(Collected data entries)
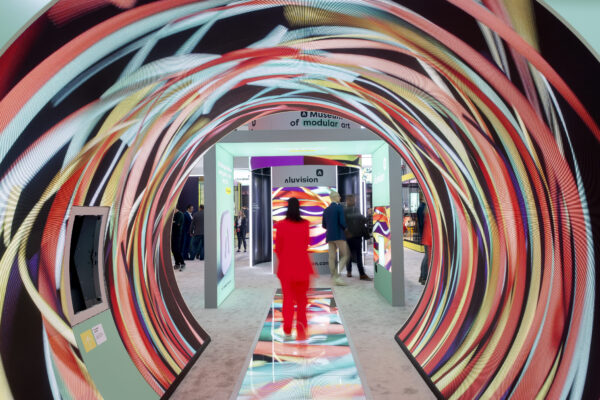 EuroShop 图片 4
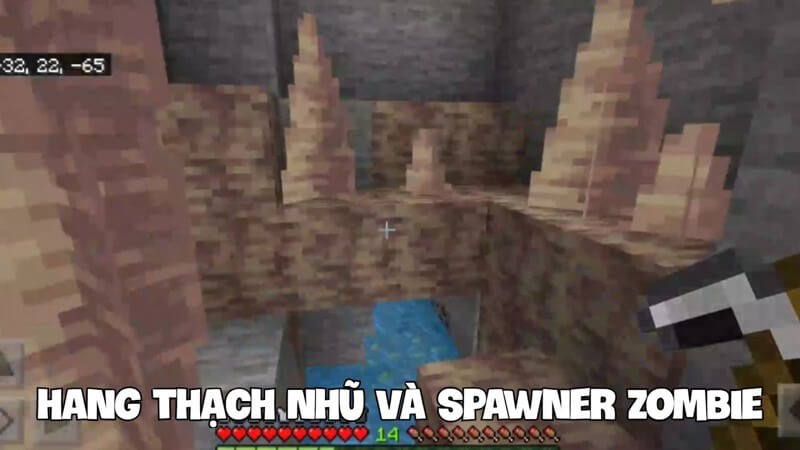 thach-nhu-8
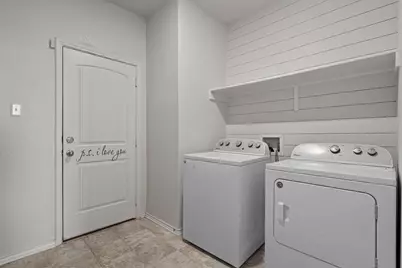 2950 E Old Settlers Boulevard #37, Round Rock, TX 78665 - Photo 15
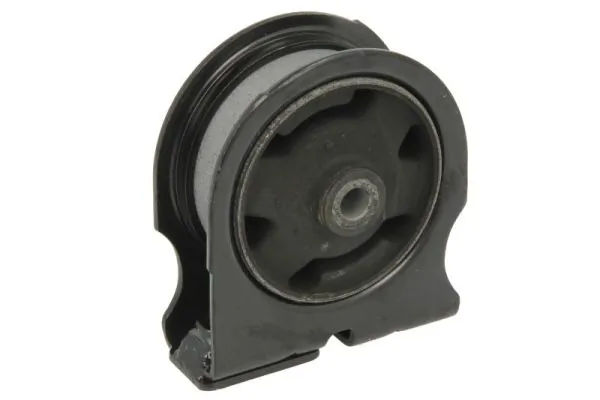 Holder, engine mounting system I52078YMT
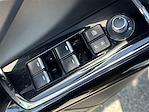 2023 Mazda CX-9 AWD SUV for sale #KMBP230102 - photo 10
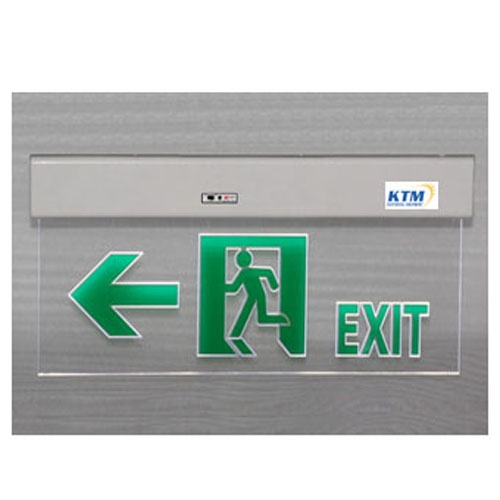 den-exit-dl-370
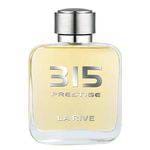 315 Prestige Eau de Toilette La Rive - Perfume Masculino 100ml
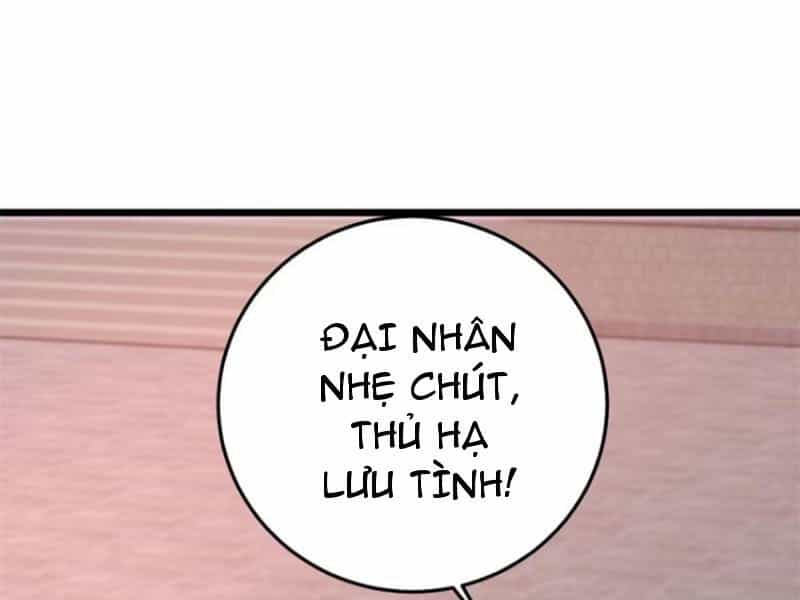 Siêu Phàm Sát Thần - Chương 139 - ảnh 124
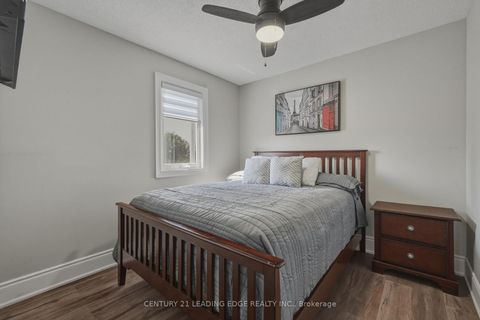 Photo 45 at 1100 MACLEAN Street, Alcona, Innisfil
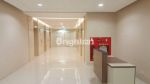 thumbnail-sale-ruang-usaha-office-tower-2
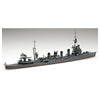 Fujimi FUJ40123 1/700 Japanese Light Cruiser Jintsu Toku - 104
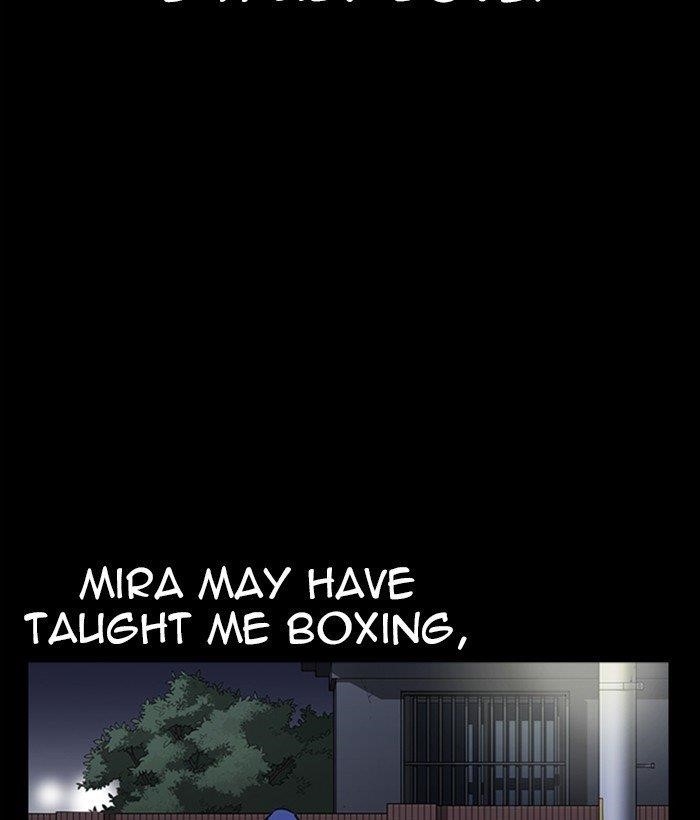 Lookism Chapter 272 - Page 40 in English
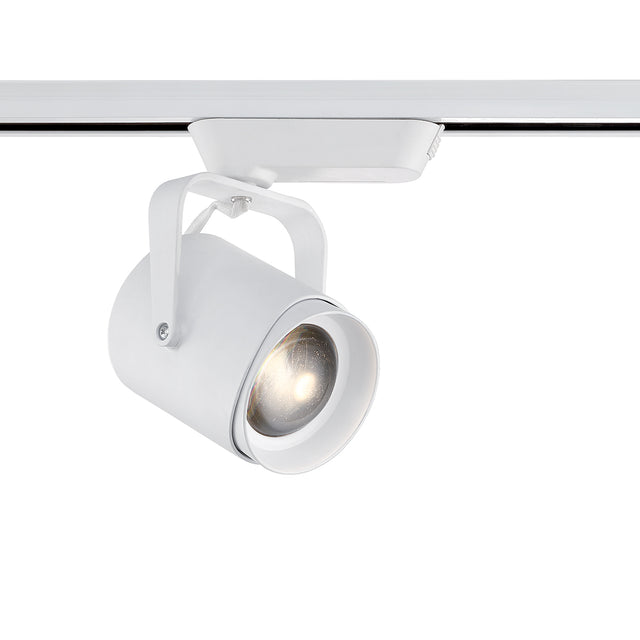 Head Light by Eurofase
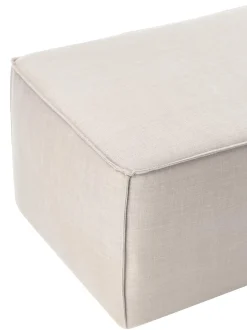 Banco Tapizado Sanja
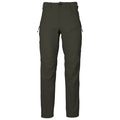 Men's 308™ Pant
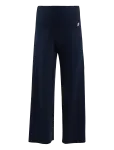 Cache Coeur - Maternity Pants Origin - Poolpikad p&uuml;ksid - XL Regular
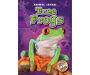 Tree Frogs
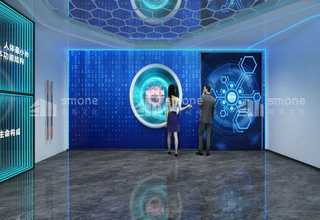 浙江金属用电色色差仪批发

§ Exercise requirements
Without including any pictures, repeat the records above exactly.

§ Written reply
 EuroShop 图片 4
 thach-nhu-8
 2950 E Old Settlers Boulevard #37, Round Rock, TX 78665 - Photo 15
 Holder, engine mounting system I52078YMT
 2023 Mazda CX-9 AWD SUV for sale #KMBP230102 - photo 10
 den-exit-dl-370
 315 Prestige Eau de Toilette La Rive - Perfume Masculino 100ml
 Siêu Phàm Sát Thần - Chương 139 - ảnh 124
 Photo 45 at 1100 MACLEAN Street, Alcona, Innisfil
 thumbnail-sale-ruang-usaha-office-tower-2
 Fujimi FUJ40123 1/700 Japanese Light Cruiser Jintsu Toku - 104
 Lookism Chapter 272 - Page 40 in English
 Head Light by Eurofase
 Banco Tapizado Sanja
 Men's 308™ Pant
 Cache Coeur - Maternity Pants Origin - Poolpikad p&uuml;ksid - XL Regular
 Tree Frogs
 浙江金属用电色色差仪批发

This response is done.